[TASK DETAILS] The answer must consist solely of the lines below starting at the one containing "reebok tech sock runner" and ending at the one containing "Dari Piring Sekolah, Kadin", repeated exactly, with both ends included and all pictures omitted.

[INPUT DATA]
========================================================================

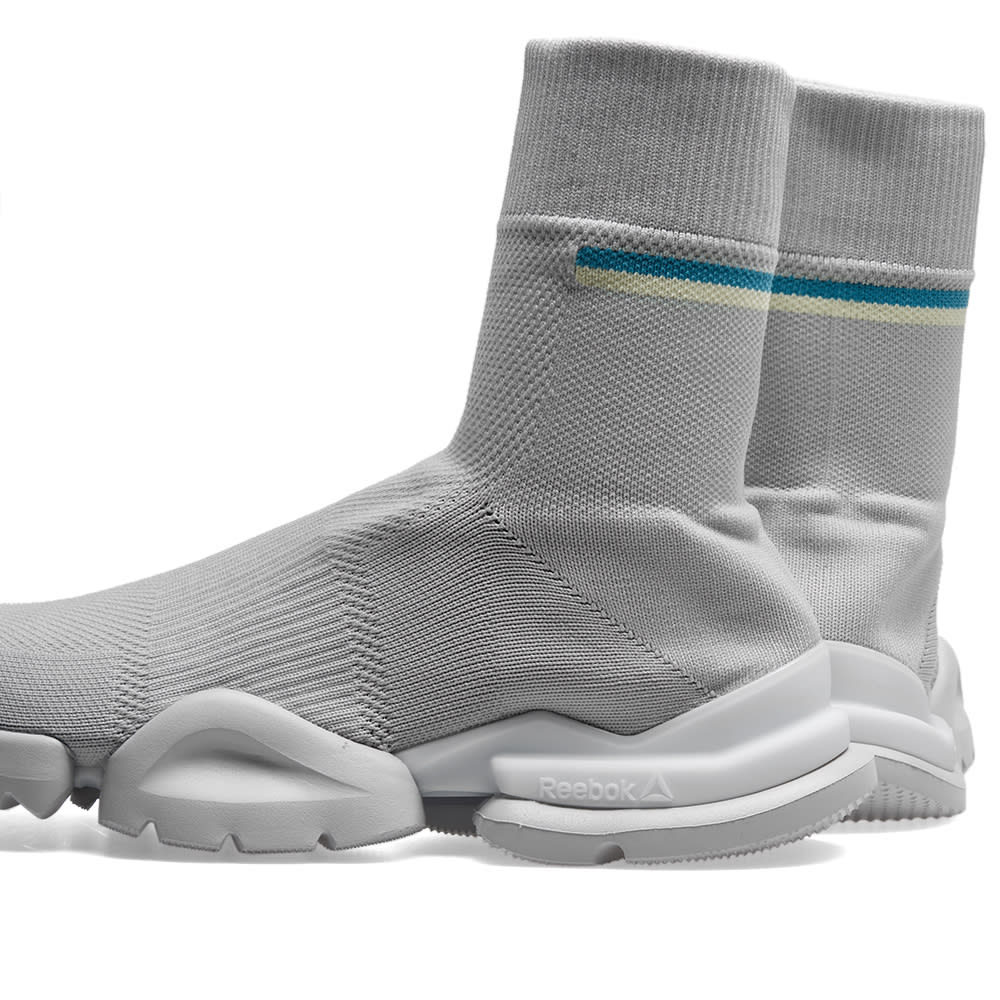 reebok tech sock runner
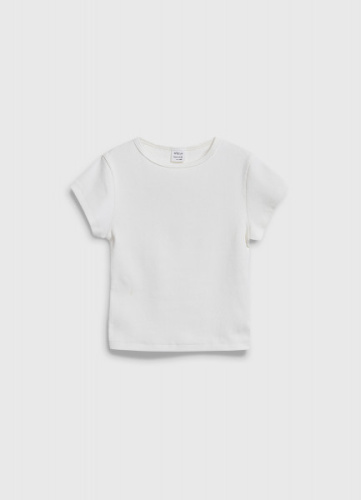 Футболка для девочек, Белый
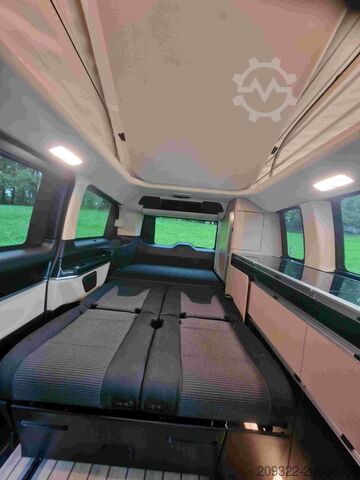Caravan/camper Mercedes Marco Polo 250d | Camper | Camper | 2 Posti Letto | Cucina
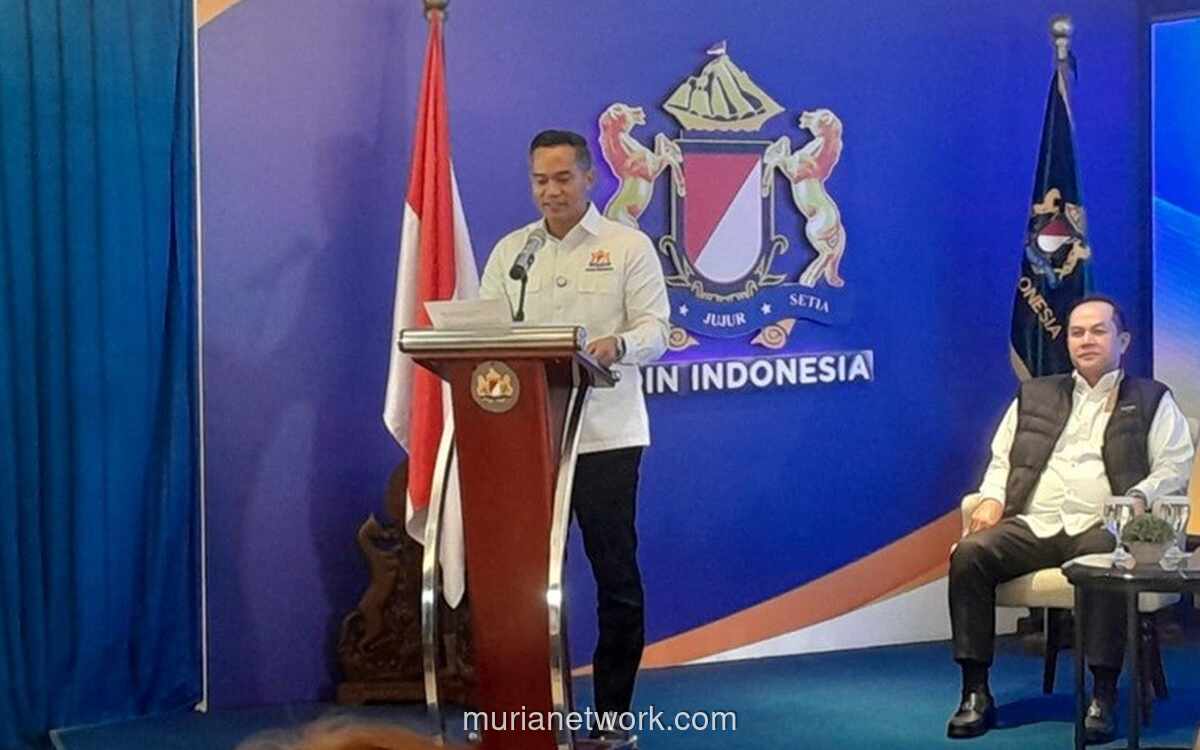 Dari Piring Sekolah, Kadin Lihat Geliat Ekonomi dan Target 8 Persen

========================================================================

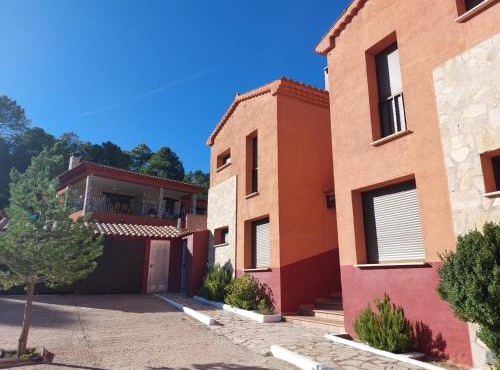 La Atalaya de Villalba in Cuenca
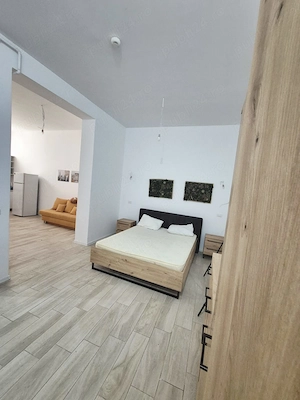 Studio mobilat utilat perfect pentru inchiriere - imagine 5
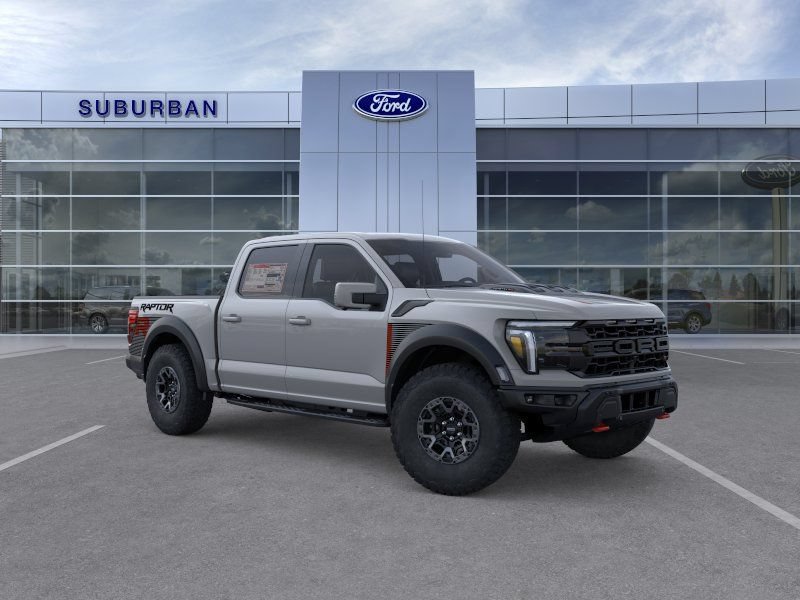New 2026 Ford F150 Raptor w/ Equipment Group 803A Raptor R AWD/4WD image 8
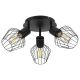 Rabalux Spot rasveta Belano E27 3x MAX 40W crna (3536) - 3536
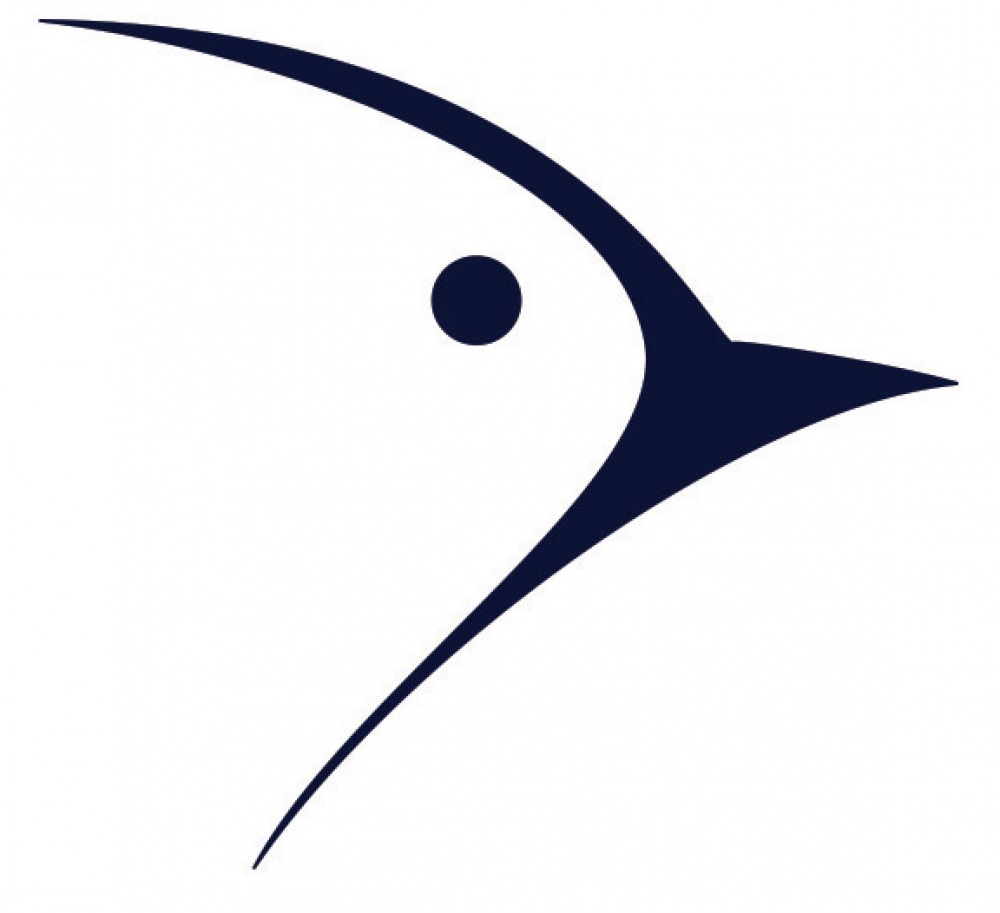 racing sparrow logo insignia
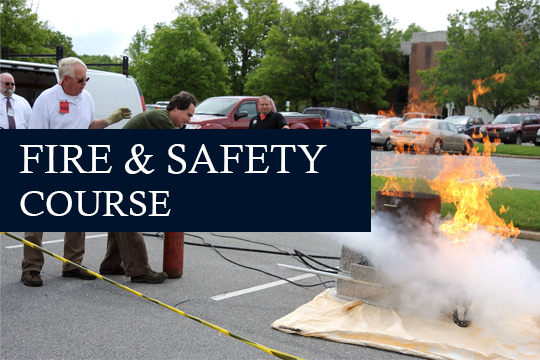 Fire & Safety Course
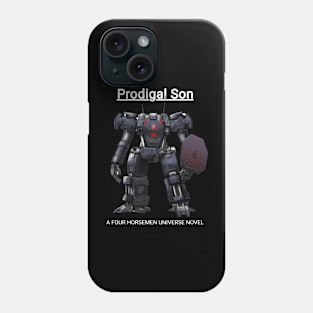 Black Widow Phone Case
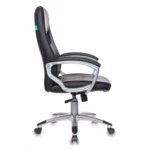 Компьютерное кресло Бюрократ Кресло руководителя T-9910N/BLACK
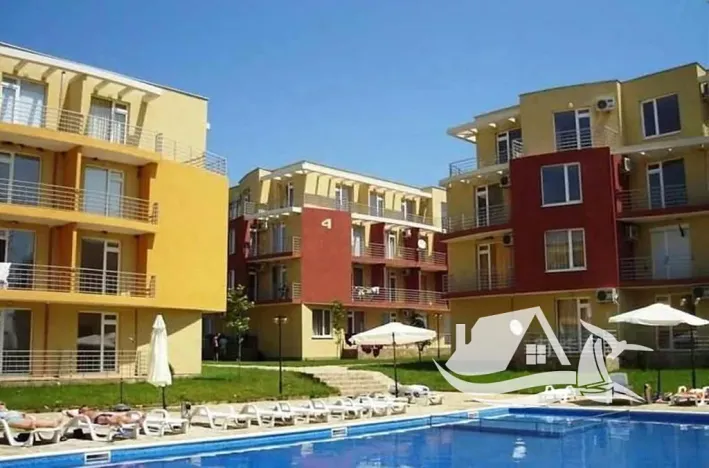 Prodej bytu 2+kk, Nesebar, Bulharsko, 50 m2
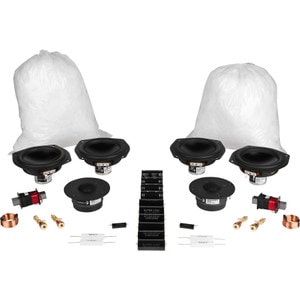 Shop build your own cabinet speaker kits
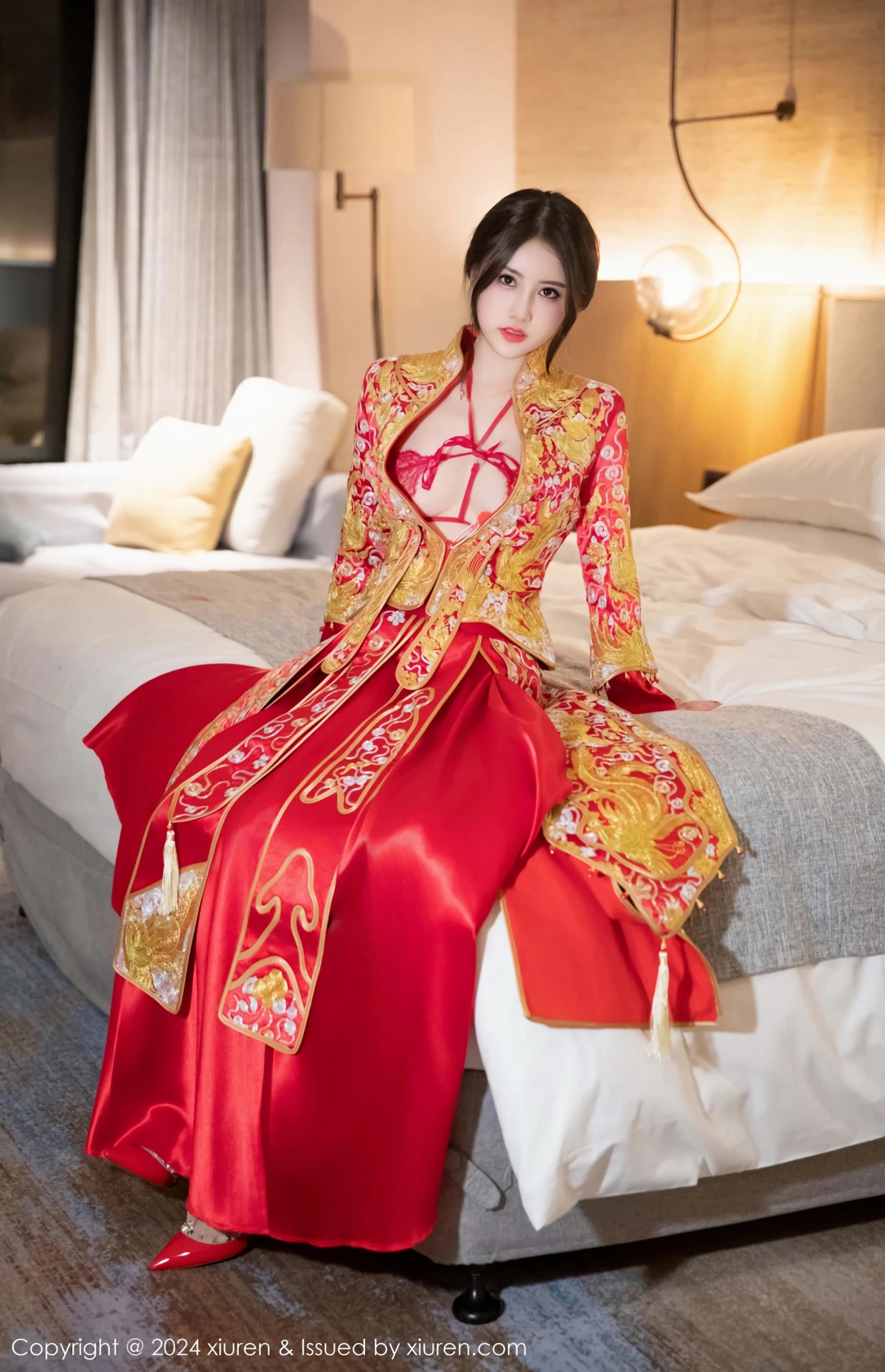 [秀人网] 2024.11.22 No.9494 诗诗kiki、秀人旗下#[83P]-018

========================================================================

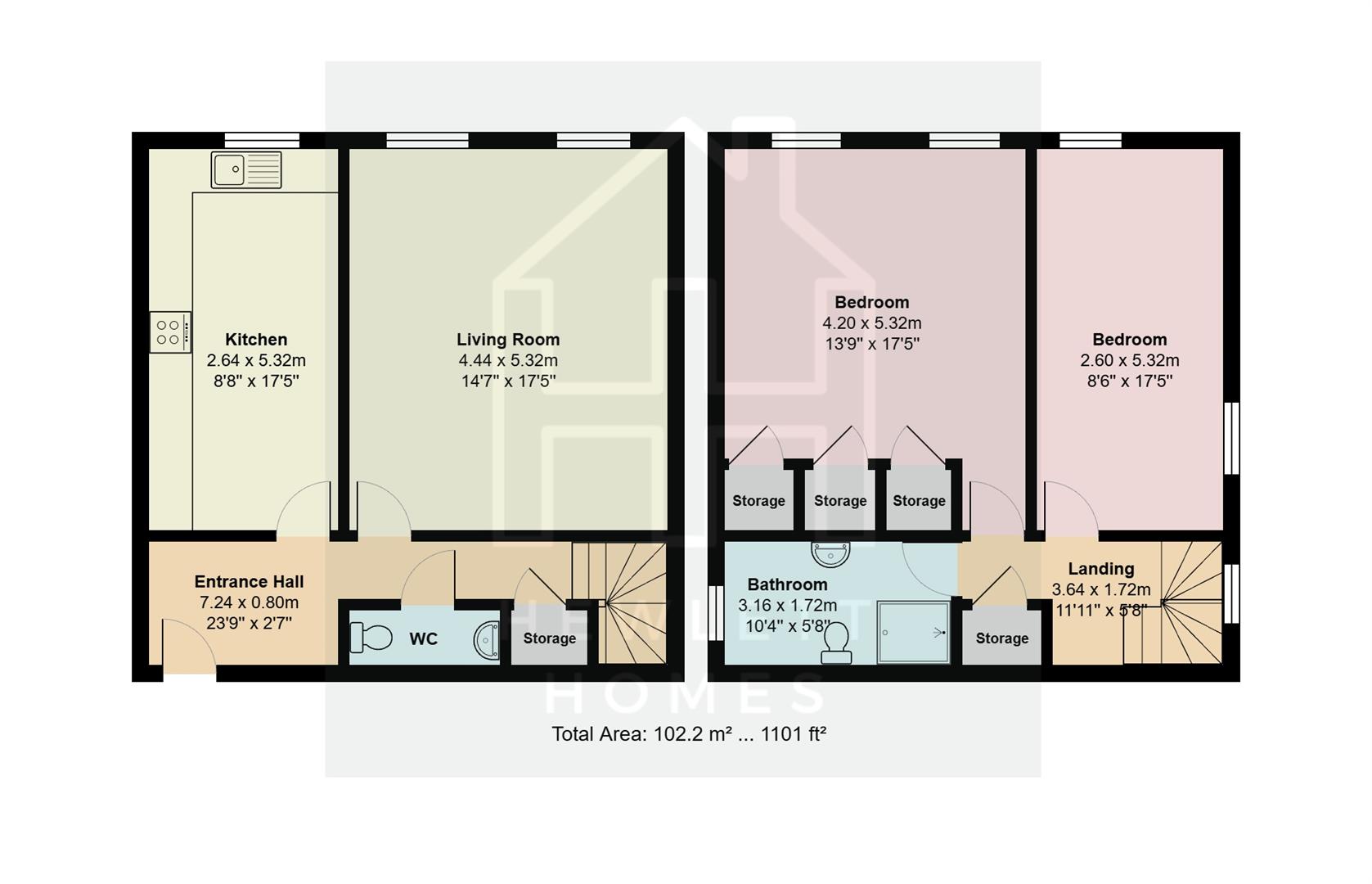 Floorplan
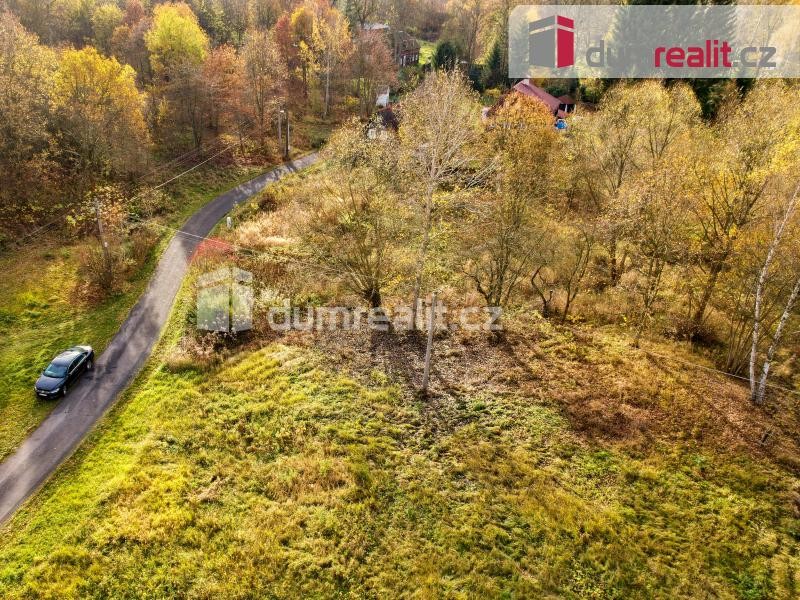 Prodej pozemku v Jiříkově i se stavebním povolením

========================================================================

[WRITTEN REPLY]
 reebok tech sock runner
 Футболка для девочек, Белый
Caravan/camper Mercedes Marco Polo 250d | Camper | Camper | 2 Posti Letto | Cucina
 Dari Piring Sekolah, Kadin Lihat Geliat Ekonomi dan Target 8 Persen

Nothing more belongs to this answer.